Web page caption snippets
--------------------------------------------------

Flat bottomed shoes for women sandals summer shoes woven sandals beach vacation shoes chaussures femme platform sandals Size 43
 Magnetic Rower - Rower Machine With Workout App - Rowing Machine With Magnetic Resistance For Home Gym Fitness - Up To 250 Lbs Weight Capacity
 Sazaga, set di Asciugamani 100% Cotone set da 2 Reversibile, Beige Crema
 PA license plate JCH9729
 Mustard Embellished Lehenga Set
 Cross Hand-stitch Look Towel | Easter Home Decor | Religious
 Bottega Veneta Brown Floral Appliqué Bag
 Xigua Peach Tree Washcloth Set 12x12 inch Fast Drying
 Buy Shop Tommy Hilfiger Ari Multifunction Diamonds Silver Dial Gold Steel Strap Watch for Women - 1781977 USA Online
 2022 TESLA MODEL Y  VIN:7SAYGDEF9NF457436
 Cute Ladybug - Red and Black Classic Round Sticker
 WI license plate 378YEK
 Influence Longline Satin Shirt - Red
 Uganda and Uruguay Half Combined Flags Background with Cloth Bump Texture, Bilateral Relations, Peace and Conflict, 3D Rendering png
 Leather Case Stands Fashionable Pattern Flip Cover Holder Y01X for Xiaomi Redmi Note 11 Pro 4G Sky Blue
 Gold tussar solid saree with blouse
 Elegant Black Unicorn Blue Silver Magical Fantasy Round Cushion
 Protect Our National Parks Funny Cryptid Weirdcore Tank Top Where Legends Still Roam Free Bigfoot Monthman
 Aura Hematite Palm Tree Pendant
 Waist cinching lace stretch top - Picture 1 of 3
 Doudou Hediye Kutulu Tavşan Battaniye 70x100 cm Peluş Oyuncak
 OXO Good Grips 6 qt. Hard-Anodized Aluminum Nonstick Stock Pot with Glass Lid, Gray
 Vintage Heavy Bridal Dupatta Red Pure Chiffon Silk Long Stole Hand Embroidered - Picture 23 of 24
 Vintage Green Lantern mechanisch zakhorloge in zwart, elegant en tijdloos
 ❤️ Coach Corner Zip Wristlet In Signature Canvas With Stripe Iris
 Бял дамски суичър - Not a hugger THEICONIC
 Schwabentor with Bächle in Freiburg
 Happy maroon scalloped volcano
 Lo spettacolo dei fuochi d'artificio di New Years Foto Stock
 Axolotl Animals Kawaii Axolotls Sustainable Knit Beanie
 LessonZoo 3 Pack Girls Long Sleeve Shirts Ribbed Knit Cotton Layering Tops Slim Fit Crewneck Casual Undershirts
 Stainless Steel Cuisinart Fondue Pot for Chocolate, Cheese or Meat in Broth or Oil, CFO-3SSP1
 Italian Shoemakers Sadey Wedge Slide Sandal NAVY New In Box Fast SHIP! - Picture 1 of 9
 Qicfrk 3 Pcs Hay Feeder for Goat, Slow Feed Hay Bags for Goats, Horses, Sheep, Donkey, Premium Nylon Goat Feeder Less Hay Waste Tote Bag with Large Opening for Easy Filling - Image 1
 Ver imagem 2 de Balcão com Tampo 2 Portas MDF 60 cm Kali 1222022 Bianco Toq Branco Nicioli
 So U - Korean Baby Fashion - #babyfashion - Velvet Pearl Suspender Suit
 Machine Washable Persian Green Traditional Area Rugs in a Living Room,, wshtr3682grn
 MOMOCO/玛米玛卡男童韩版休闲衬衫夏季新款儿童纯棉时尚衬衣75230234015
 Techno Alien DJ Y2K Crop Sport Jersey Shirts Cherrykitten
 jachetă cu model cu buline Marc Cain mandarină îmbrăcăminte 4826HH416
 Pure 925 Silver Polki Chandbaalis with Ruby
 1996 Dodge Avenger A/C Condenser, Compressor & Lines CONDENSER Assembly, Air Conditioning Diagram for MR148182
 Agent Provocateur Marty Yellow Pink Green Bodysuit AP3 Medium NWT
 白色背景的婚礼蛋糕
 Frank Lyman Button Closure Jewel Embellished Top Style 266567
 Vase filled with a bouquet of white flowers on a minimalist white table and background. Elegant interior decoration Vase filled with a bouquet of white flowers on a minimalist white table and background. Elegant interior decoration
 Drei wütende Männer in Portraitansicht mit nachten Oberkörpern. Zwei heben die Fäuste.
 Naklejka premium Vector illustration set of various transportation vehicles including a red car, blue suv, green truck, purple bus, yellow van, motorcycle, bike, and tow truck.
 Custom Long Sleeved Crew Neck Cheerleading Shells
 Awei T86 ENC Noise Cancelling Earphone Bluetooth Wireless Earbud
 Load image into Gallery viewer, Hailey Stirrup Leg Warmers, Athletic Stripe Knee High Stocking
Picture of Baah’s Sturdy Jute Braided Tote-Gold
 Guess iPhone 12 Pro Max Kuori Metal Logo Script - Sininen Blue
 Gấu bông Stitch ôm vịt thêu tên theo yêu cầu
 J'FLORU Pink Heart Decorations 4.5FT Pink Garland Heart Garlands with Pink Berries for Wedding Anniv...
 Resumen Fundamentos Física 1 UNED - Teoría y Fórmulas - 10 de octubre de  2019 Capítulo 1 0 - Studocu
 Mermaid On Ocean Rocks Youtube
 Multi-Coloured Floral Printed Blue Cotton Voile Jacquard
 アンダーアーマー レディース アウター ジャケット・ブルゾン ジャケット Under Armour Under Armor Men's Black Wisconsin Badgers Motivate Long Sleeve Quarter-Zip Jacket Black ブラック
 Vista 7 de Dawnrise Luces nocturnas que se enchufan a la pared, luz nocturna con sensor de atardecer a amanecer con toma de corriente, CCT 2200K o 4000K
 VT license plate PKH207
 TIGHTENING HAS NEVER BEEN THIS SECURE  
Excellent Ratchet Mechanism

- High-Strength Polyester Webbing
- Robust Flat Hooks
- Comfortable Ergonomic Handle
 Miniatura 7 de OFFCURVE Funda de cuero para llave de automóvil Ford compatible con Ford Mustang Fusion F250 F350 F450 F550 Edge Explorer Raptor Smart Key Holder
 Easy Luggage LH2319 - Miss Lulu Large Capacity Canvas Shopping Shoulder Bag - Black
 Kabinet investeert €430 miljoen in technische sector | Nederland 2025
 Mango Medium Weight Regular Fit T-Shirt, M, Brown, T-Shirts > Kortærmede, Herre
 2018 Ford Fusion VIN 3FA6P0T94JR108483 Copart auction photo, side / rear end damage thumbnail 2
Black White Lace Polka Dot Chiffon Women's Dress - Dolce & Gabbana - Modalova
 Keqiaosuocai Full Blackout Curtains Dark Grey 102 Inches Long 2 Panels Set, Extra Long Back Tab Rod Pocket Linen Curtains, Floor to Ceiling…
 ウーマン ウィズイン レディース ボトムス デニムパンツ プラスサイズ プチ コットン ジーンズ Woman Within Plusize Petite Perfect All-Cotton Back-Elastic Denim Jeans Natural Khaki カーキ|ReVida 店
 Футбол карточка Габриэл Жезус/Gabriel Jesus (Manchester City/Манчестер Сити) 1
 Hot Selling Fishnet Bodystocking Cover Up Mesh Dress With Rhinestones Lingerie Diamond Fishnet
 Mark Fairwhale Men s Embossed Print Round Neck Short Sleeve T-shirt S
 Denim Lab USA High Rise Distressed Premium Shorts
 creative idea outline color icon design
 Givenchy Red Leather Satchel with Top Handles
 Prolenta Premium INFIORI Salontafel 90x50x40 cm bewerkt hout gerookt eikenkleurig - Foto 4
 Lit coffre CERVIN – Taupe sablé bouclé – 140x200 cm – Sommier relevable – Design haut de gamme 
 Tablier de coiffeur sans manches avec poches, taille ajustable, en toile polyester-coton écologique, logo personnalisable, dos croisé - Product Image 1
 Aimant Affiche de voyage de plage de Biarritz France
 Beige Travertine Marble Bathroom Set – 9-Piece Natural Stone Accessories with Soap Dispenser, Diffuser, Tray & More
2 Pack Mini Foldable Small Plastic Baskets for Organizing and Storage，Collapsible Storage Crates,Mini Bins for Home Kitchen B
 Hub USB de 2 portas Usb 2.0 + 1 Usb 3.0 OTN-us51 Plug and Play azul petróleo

--------------------------------------------------

### What needs to be done
In the entries, find the line containing "Prolenta Premium INFIORI" and output it and all remaining lines exactly.

### Exercise result
 Prolenta Premium INFIORI Salontafel 90x50x40 cm bewerkt hout gerookt eikenkleurig - Foto 4
 Lit coffre CERVIN – Taupe sablé bouclé – 140x200 cm – Sommier relevable – Design haut de gamme 
 Tablier de coiffeur sans manches avec poches, taille ajustable, en toile polyester-coton écologique, logo personnalisable, dos croisé - Product Image 1
 Aimant Affiche de voyage de plage de Biarritz France
 Beige Travertine Marble Bathroom Set – 9-Piece Natural Stone Accessories with Soap Dispenser, Diffuser, Tray & More
2 Pack Mini Foldable Small Plastic Baskets for Organizing and Storage，Collapsible Storage Crates,Mini Bins for Home Kitchen B
 Hub USB de 2 portas Usb 2.0 + 1 Usb 3.0 OTN-us51 Plug and Play azul petróleo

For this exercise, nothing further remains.